告诉编译器它不知道的本地？

Question

I have a function called let , which modifies the calling namespace to insert a new variable.

def let(**nameValuePair):
    from inspect import stack

    name, value = nameValuePair.items()[0]
    stack()[1][0].f_locals[name] = value
    return value

The idea is it allows you insert assignment statements anywhere you want, even where assignment statements aren't typically allowed in Python (albeit, it requires 5 extra characters for let() .

This works perfectly when called from the global namespace.

>>> let(outside = 'World')
>>> print(outside)
World

This fails with the error NameError: global name 'hello' is not defined :

>>> def breaker():
...     let(hello = 'World')
...     print(hello)
...
>>> breaker()

You might jump to the conclusion that the issue is with my let function.
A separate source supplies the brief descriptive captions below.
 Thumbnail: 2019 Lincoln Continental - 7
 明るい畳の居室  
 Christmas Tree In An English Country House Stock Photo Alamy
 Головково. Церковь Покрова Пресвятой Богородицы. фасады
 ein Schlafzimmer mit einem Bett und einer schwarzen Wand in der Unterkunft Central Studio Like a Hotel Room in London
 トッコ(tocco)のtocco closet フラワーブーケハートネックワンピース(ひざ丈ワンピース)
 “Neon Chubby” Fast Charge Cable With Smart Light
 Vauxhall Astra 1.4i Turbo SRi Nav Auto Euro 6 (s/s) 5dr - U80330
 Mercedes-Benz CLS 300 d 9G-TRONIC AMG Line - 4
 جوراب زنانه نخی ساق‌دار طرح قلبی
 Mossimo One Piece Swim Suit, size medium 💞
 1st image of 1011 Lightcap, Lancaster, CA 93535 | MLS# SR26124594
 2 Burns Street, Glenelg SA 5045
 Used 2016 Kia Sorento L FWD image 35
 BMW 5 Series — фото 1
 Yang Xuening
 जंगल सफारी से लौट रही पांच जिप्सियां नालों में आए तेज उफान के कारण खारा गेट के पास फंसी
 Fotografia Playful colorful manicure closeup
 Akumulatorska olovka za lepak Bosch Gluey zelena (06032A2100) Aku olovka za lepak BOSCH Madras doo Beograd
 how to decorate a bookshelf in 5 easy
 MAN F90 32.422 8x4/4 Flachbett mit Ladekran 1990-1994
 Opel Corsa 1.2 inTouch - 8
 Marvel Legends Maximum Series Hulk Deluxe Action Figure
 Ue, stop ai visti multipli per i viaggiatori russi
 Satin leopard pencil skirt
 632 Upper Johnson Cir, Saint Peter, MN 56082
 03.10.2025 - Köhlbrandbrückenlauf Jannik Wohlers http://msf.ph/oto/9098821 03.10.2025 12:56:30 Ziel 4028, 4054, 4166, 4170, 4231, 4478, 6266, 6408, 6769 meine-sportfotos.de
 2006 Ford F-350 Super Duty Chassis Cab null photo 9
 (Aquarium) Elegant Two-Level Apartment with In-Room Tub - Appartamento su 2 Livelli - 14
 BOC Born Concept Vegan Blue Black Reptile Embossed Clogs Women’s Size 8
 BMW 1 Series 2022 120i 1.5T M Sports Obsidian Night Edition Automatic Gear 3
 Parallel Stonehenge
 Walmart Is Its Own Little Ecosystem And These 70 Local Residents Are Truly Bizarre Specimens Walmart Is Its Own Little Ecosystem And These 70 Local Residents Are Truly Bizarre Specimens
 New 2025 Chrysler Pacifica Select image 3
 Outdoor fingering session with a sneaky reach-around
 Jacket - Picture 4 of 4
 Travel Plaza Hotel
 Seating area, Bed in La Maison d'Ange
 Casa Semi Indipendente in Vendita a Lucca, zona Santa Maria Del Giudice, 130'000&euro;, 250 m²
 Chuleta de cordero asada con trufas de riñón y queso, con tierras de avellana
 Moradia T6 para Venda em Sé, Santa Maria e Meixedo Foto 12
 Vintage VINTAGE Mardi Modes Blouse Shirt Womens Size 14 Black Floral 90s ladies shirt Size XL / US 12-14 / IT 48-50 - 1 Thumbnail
It is not - my function performs perfectly. To show you that:

>>> def fine():
...     let(another = 'World')
...     print(locals()['another'])
...
>>> fine()
World

The issue actually comes from when the Python interpreter compiles breaker . To demonstrate, I'll create another function which does the same thing as breaker , but using an ordinary assignment instead of let , and then I'll decompile both with dis .

>>> def normal():
...     hello = 'World'
...     print(hello)
...
>>> normal()
World

>>> from dis import dis
>>> print(dis(normal))
 0 LOAD_CONST               1 ('World')
 3 STORE_FAST               0 (hello)
 6 LOAD_FAST                0 (hello)
 9 PRINT_ITEM
10 PRINT_NEWLINE
11 LOAD_CONST               0 (None)
14 RETURN_VALUE

>>> print(dis(breaker))
 0 LOAD_GLOBAL              0 (let)
 3 LOAD_CONST               1 ('hello')
 6 LOAD_CONST               2 ('World')
 9 CALL_FUNCTION          256
12 POP_TOP
13 LOAD_GLOBAL              2 (hello)  # <= This is the real problem.
16 PRINT_ITEM
17 PRINT_NEWLINE
18 LOAD_CONST               0 (None)
19 RETURN_VALUE

The problem is, the compiler is looking over breaker , doesn't see that hello gets assigned anywhere in the local scope, and so assumes that it must be a global variable.

What can I do about this? When my function gets called, could I, for example, swap out the problematic line that I indicated and replace it with:

LOAD_GLOBAL 1 (locals)
CALL_FUNCTION 0
LOAD_CONST 1 ('hello')  # Or whatever the name of the variable is
BINARY_SUBSCR

I know that I could quickly fix the immediate problem by simply storing the variable in the global scope, but that could lead to lots of subtle bugs. To name a few:

1. Global variables get written over.
2. Objects might persist in memory for far longer than intended.
3. Something that would be a typo otherwise, is instead valid. (admittedly this one seems quite unlikely).

... Actually, if I can change the compiled code, I could even add a STORE_GLOBAL or DELETE_GLOBAL after RETURN_VALUE , perhaps? Cache the former global variable elsewhere or something?

Answer 1

The documentation for locals() notes the following:

Note The contents of this dictionary should not be modified; changes may not affect the values of local and free variables used by the interpreter.

I checked and don't see an explicit note in the inspect docs about f_locals but I don't see why it would be any different.

Answer 2

The short version is, you can't do that. You can't do it in 3.x, you couldn't do it in recent versions of 2.x, and I'd be surprised if you could ever reliably do it. You won't be able to do it in the future, either, because local variables are too easy a target for optimization. There's no way one compiler would go for that, much less all the python compilers.

On the other hand, maybe there's another way to do what you're trying to do. What is that?